Minister Girardin, distinguished ministers and ambassadors, my dear friend Joy Phumaphi, colleagues, ladies and gentlemen,

First, I would like to thank the organizes for the invitation to this meeting. I am pleased to be here. This meeting comes at an opportune time. We are in the midst of some important trends - some encouraging, others ominous.

Policy-makers in all countries are concerned about the way their health systems and services are financed. This universal concern has resulted in a wealth of experience and a wide range of options for securing funds and then using them for financial risk protection.

We know that there is no single "best" solution that can work in all contexts. At the same time, these experiences and this menu of options provide a very important head-start.

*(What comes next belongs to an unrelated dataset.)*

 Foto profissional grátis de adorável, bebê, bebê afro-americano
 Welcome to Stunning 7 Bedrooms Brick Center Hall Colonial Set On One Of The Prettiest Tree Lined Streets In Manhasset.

They serve as a vital guide for the many countries that are only now beginning to explore ways of improving financial risk coverage. At WHO, our main concern is with the financing of essential health care in the developing world, where the failure to provide some form of social health insurance can have life-or-death consequences.

Our statistics indicate that out-of-pocket spending on health accounts for more than 50% of total health expenditure in close to 50 countries. Most of this spending arises from user fees.

In areas where impoverished households and communities rely on out-of-pocket payments, access to health care is frequently curtailed by the costs. The burden of paying for care means that patients often wait until an illness is well-advanced, making treatment more difficult, more costly, or even impossible.

As a result, populations are pushed even deeper into poverty, because of either the costs of care or the lost productivity of advanced disease or premature death.

WHO further estimates that out-of-pocket payments for health care sink tens of millions of people under the poverty line every year.

I mentioned that this meeting comes at an opportune time. In May 2005, WHO Member States adopted a resolution on Sustainable health financing, universal coverage, and social health insurance.

That resolution was all about finding ways to guarantee access to necessary services while also providing protection against financial risk. Prepayment and pooling of resources and risks were identified as basic principles.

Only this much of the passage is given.